#### Supplied data ####
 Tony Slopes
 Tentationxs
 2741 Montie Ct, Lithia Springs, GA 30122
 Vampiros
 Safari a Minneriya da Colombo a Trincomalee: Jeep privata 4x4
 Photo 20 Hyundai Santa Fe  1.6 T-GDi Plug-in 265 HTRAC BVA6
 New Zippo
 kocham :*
####
#### Supplied data ####
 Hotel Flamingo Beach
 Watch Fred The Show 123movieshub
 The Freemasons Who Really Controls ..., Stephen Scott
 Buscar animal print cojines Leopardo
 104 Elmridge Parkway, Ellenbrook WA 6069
####
#### Supplied data ####
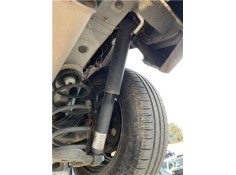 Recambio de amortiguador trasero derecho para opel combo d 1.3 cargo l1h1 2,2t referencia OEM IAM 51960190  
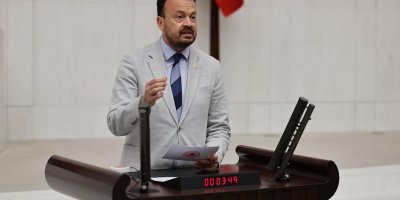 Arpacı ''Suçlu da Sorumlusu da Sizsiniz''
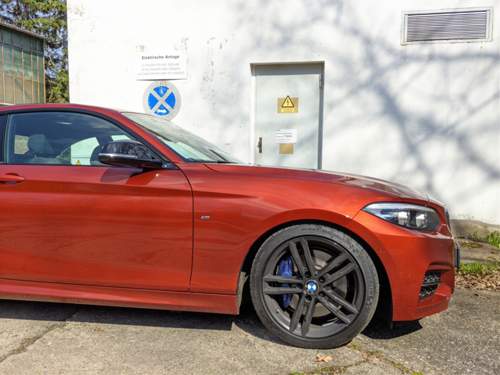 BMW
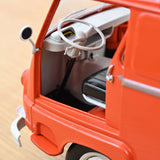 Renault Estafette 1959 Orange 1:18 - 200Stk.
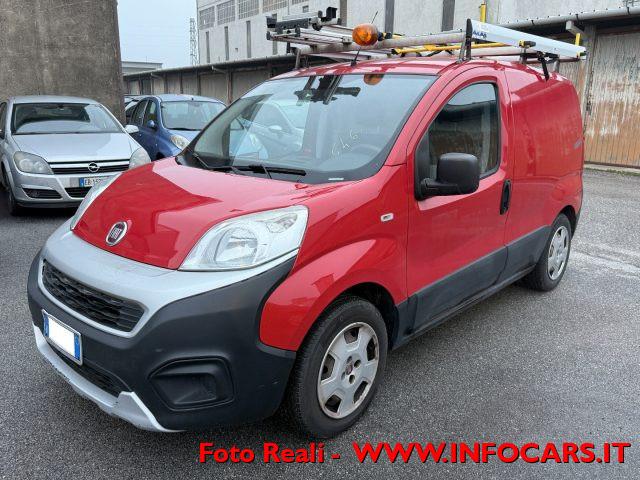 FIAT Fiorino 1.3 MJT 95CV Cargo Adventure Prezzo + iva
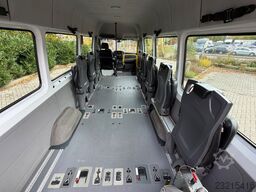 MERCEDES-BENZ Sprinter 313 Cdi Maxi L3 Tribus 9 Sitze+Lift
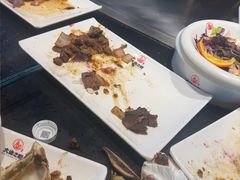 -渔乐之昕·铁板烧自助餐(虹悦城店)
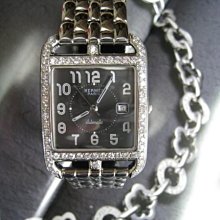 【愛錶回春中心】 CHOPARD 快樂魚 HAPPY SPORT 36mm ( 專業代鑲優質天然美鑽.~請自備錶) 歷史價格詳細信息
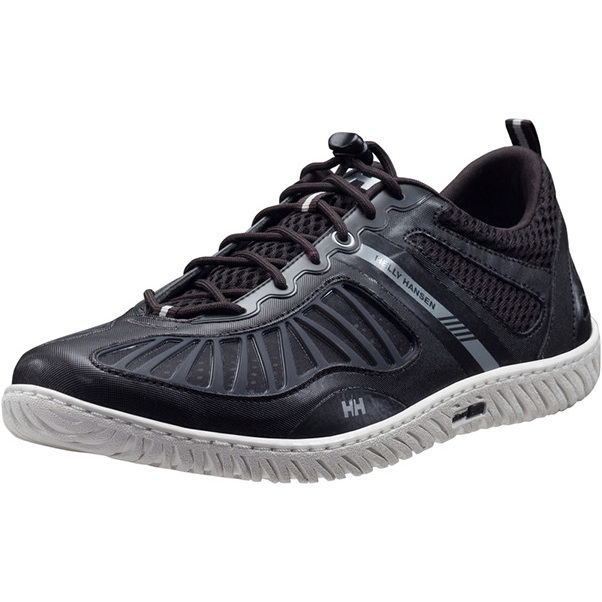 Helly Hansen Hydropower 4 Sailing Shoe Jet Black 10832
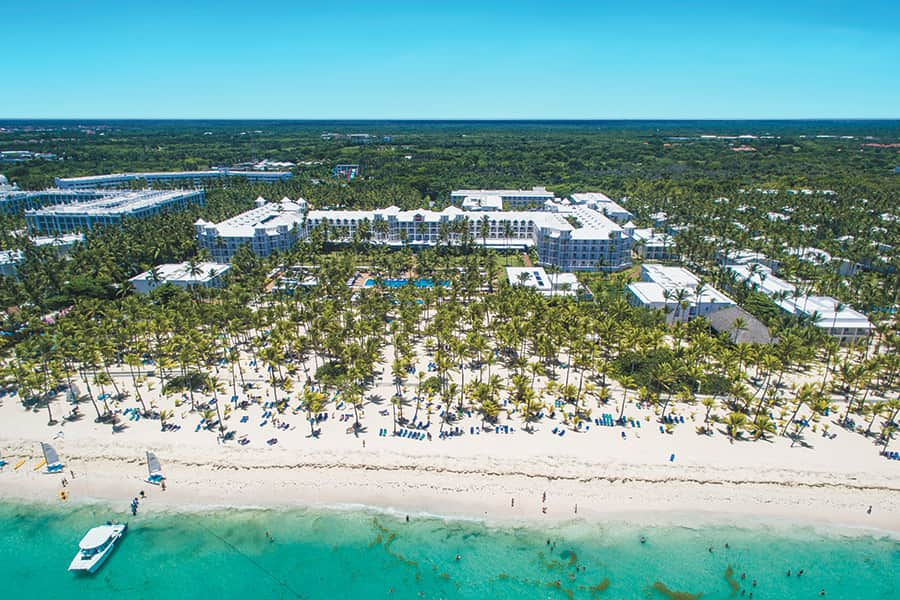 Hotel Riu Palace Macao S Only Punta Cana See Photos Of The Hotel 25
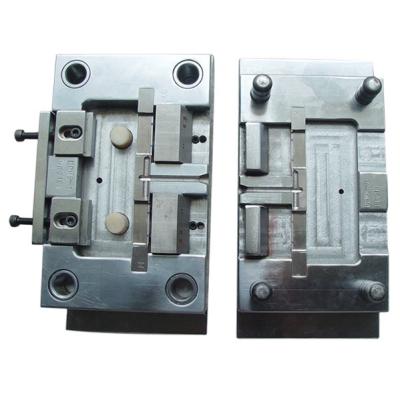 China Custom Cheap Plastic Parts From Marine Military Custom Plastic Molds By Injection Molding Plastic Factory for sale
####
- **What the exercise asks**: Output exactly the stretch of the listing that begins at the line containing "MERCEDES-BENZ Sprinter 313" and ends at the line containing "China Custom Cheap", both kept. Omit pictures and everything else.

- **Response area**:
 MERCEDES-BENZ Sprinter 313 Cdi Maxi L3 Tribus 9 Sitze+Lift
 -渔乐之昕·铁板烧自助餐(虹悦城店)
 【愛錶回春中心】 CHOPARD 快樂魚 HAPPY SPORT 36mm ( 專業代鑲優質天然美鑽.~請自備錶) 歷史價格詳細信息
 Helly Hansen Hydropower 4 Sailing Shoe Jet Black 10832
 Hotel Riu Palace Macao S Only Punta Cana See Photos Of The Hotel 25
 China Custom Cheap Plastic Parts From Marine Military Custom Plastic Molds By Injection Molding Plastic Factory for sale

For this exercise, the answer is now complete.